Allegra Boverman for NHPR

The New Hampshire House and Senate voted along party lines Thursday to pass a $13 billion dollar state budget. Governor Sununu is expected to veto the bill.

Democrats in the Legislature say they met the governor more than halfway on the budget, by stripping a paid family leave program and a capital gains tax originally backed by the House from the final bill. 

Listen: Josh Rogers talks to NHPR's Peter Biello about where lawmakers are on the state budget. Scroll to the bottom of this story for a transcript of that interview.

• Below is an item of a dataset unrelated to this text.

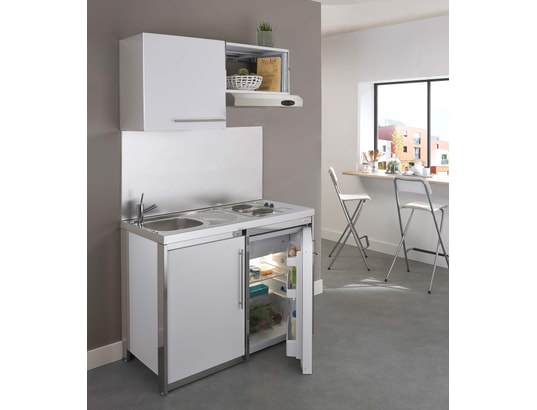 MODERNA - Kitchenette complète METALLINE 120x60 Blanc Glacier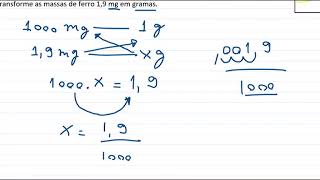 Convertendo unidade de mg Para grama Química [upl. by Ynabla]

They say their budget boosts spending in areas where it's needed - education, child protection, and supplies direct aid to cities and towns. 

Lou D'Allesandro is chairman of the Senate Finance Committee.

"We have the ability and we have the desire to serve people. and we have the financial component which is available to do that," he says.

Republicans say the budget puts the state on a path to higher taxes.

"$1.5 billion dollars in additional spending. There is a lot wrong with this budget," says Senate minority leader Chuck Morse.  

In anticipation of a veto by Governor Sununu, who doesn't like that the plan reverses tax business tax cuts that took effect in January, lawmakers also passed a continuing resolution to keep the state operating at current spending levels for 90 days.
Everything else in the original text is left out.